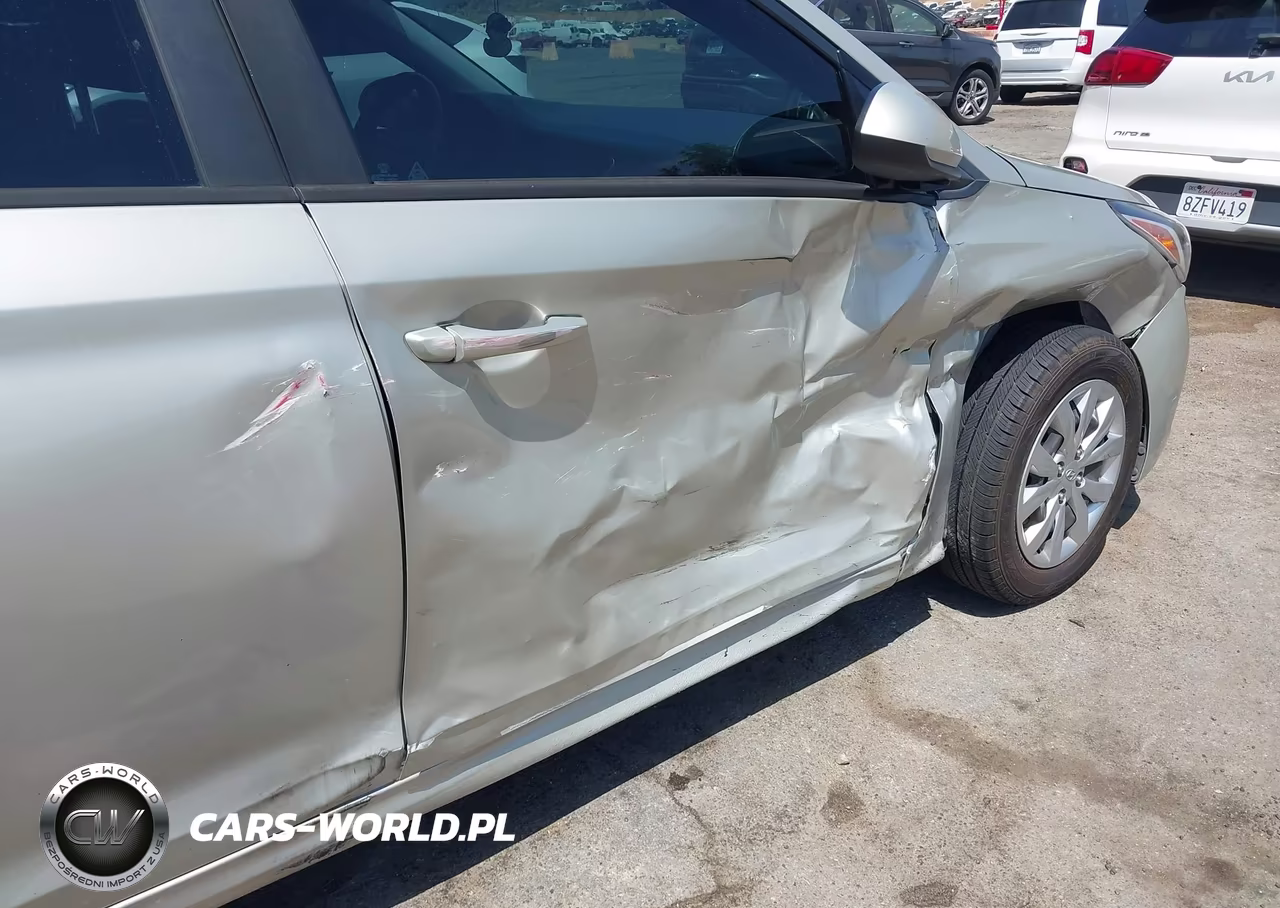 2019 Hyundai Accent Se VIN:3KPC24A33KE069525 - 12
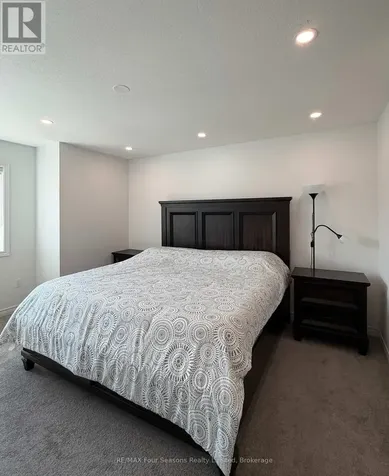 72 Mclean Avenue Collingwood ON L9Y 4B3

==

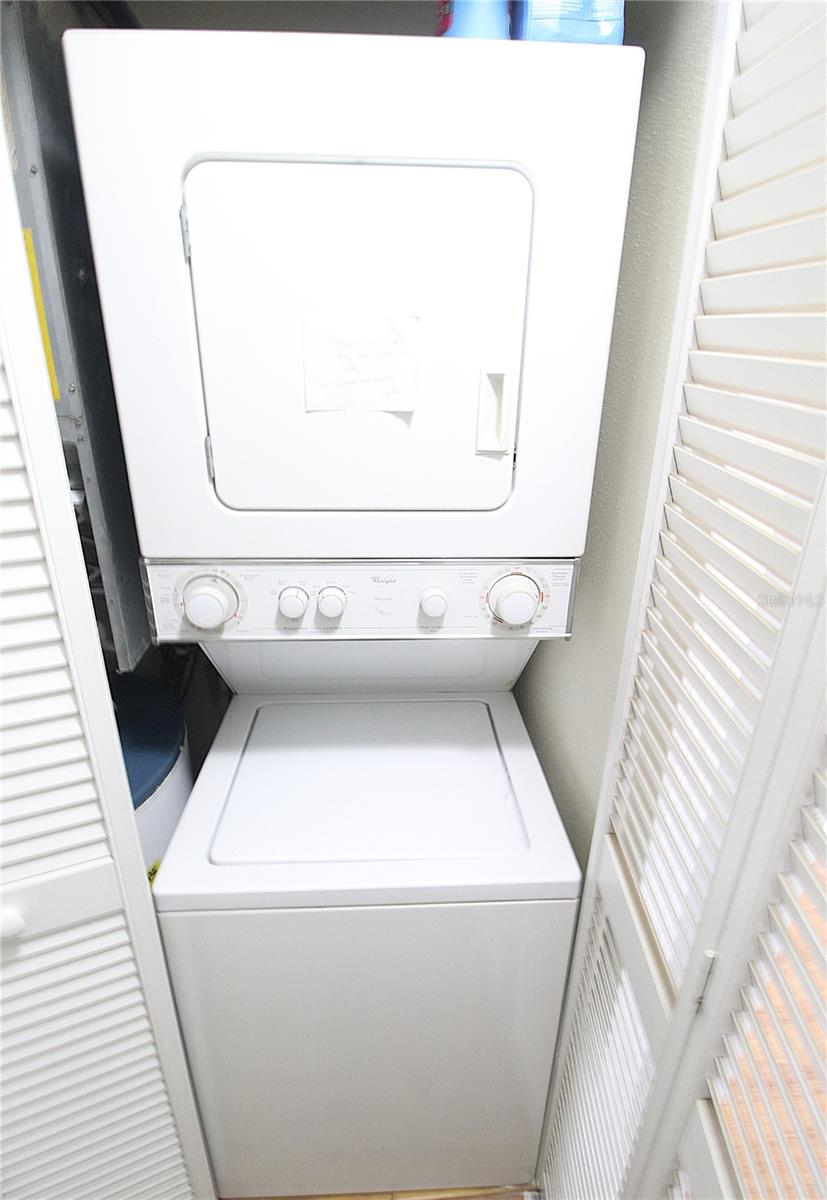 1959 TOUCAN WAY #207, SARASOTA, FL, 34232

THE PROBLEM —
In the material above, one part opens with the line containing "2019 Hyundai Accent" and closes with the line containing "72 Mclean Avenue Collingwood ON L9Y 4B3". Write out that part exactly and skip its pictures.

OUTPUT FOR THIS EXERCISE —
 2019 Hyundai Accent Se VIN:3KPC24A33KE069525 - 12
 72 Mclean Avenue Collingwood ON L9Y 4B3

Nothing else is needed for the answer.